■ **Exercise aim**:
In the records below, find each line that holds "white" and return it.

Records from a collection
------------------------------

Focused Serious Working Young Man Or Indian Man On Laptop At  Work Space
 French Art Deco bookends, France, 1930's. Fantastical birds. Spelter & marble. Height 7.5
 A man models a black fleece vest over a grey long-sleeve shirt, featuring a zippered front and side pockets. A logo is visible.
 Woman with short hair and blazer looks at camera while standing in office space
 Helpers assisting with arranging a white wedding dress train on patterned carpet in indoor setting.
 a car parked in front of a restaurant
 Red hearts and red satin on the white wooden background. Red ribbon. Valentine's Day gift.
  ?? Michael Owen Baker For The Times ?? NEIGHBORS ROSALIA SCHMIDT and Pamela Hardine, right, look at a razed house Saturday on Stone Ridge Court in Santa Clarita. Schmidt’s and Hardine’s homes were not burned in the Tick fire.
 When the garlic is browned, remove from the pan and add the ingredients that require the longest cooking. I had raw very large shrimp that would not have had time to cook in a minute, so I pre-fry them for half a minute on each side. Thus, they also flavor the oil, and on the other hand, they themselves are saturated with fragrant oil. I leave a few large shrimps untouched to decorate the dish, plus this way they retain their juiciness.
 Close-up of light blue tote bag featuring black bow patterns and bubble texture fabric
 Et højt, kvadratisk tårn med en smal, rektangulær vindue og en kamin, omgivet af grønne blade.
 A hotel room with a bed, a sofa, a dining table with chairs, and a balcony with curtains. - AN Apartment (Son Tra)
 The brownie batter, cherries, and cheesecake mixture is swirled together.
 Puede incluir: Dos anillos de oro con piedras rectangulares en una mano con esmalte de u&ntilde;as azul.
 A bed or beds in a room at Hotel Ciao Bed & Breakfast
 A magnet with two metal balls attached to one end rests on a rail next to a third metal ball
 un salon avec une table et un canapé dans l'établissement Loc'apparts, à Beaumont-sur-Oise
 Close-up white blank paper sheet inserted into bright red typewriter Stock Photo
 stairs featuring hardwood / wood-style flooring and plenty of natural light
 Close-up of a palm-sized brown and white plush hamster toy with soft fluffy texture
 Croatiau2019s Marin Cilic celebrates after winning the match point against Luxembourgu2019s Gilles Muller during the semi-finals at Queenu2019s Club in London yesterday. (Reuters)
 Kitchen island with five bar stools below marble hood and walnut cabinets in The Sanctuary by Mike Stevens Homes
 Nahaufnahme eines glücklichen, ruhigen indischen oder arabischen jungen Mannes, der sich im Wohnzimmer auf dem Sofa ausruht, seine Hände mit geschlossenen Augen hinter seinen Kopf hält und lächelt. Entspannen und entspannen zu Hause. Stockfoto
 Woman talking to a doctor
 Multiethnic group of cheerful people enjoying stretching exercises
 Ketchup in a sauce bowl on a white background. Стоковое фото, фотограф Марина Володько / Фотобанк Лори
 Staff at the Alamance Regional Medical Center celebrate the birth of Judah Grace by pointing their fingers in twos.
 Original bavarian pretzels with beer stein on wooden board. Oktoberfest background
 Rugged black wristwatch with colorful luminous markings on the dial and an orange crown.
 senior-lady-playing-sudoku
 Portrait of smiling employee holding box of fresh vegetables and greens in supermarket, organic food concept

------------------------------

■ **The answer**:
 Helpers assisting with arranging a white wedding dress train on patterned carpet in indoor setting.
 Red hearts and red satin on the white wooden background. Red ribbon. Valentine's Day gift.
 Close-up white blank paper sheet inserted into bright red typewriter Stock Photo
 Close-up of a palm-sized brown and white plush hamster toy with soft fluffy texture
 Ketchup in a sauce bowl on a white background. Стоковое фото, фотограф Марина Володько / Фотобанк Лори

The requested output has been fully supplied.